The first plans for Anime Boston came along in October 2001. At that time, there was a clear need for some sort of anime event in the Boston area, but nobody had taken the initiative to hold one. There had been a couple small conventions in New England, but anime fans still had to travel to Maryland to find a fan convention with more than a few hundred people. Adam Ferraro and Patrick Delahanty started working together to gather a team to make it happen in The Hub.

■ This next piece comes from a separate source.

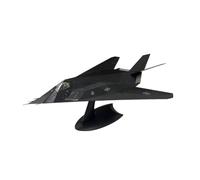 JXYAQTSOF Diecast Aeroplanes 1/72 For Stealth Combat Bomber Strike Aircraft F117 Finished Metal Military Classic Display Collection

A couple weeks later, Derek Guder and Tiffani Nadeau joined the team and the first real plans started to come together. Adam proceeded to get the New England Anime Society incorporated.
Other than being anime fans, the other thing that most of the convention's founders had in common was that they were all longtime readers of AnimeOnDVD. The founders wanted to maintain a good working relationship with the popular anime web site and even turned to its members when it needed to choose a name. Although the board had narrowed it down to two, there was debate over which of those two to choose. The question was presented to members of the AnimeOnDVD forums and the better choice became clear: Anime Boston.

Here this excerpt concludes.